Mi hija no puede leer un reloj de agujas. Tiene un trastorno de la percepción visoespacial, que además de afectarle en forma de discalculia, hace que las manecillas de un reloj sean un jeroglífico imposible.
Y no pasa nada.
Para ella —como para la mayoría de los críos de su generación— el tiempo se mide en pantallas, en notificaciones, en números claros y exactos. La vida no se detiene porque alguien no sepa distinguir la aguja corta de la larga.
La reacción histérica basta leer los comentarios del siguiente reel de Instagram- de gente que tiene demasiado tiempo libre cuando unos concursantes de OT admiten lo mismo demuestra lo contrario: que los adultos confundimos necesidad con símbolo. Nadie necesita un reloj analógico para saber la hora. Igual que nadie necesita ya un telegrama para mandar un mensaje. La utilidad se fue hace tiempo. Y, sin embargo, el reloj de agujas sigue ocupando un lugar de prestigio en la sociedad porque ha dejado de ser un utensilio y se ha convertido en un fetiche. No es un instrumento para orientarse en el día a día, sino un objeto de admiración. Los relojes mecánicos son pequeñas catedrales portátiles: engranajes que laten como corazones metálicos, complicaciones que desafían el absurdo del tiempo, cajas que condensan siglos de artesanía. Quien se ata un reloj a la muñeca no busca saber si son las cuatro y cuarto; para eso le basta con mirar el móvil; busca sentir que lleva historia, belleza y precisión.

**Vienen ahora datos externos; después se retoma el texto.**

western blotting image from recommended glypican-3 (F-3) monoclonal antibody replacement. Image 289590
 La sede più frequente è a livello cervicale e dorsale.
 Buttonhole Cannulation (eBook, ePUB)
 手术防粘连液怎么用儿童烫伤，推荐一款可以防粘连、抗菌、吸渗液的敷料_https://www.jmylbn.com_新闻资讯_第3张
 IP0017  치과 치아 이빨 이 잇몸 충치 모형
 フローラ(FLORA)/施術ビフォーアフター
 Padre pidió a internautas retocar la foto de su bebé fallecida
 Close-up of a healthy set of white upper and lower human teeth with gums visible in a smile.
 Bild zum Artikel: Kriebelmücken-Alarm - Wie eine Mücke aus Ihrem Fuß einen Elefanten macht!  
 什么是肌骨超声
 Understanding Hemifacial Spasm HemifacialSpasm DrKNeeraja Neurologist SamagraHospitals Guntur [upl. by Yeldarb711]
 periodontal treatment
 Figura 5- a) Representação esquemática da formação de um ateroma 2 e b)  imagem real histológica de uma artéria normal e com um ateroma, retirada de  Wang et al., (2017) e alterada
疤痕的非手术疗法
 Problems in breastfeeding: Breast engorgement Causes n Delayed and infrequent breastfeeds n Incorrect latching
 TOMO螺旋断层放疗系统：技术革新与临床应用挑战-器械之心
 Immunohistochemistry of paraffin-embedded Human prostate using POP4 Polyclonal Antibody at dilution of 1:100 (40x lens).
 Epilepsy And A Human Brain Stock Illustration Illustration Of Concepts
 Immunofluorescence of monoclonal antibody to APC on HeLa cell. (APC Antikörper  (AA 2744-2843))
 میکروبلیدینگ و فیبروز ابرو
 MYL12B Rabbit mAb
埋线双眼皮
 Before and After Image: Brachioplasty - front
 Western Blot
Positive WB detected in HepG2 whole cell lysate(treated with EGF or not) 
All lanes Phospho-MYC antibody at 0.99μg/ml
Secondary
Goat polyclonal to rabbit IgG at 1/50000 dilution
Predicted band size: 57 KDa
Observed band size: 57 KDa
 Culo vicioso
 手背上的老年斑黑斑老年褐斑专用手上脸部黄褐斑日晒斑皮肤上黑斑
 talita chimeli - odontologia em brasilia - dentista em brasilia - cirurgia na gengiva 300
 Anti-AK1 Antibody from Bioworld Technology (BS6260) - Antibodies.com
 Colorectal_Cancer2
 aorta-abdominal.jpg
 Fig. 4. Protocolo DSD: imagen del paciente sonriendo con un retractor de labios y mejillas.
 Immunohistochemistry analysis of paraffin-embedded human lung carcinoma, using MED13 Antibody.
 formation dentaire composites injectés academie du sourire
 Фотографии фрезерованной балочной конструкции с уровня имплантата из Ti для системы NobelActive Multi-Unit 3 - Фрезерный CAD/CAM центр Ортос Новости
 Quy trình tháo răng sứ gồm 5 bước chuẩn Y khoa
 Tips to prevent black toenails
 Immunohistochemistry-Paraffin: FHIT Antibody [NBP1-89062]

Esa es la diferencia esencial: el reloj de pulsera ya no es una necesidad, pero sí un imprescindible para quienes saben verlo como lo que es, un artefacto cultural. Igual que nadie necesita un vinilo para escuchar música, pero muchos lo veneran como experiencia sensorial insustituible. Igual que nadie necesita escribir con pluma estilográfica, pero hay quienes disfrutan el roce del plumín como una ceremonia íntima. Del mismo modo, en los años 80 a muchos jóvenes les habría parecido casi marciano encontrar un teletipo en una oficina, un fonógrafo de cilindros de cera en el salón de casa o una calculadora mecánica de manivela en una mesa de trabajo: objetos que para sus abuelos eran cotidianos y para ellos ya eran pura arqueología.
Reírse de un chaval porque no sabe leer la hora en un reloj analógico es tan mezquino como ridiculizarlo porque no sabe usar una cámara de carrete. No es su mundo, ni falta que hace. La paradoja es que quienes se indignan por esa supuesta carencia no defienden la función del reloj, sino su aura. Lo que echan de menos no es que los jóvenes lleguen puntuales: es que veneren el mismo objeto que ellos veneran.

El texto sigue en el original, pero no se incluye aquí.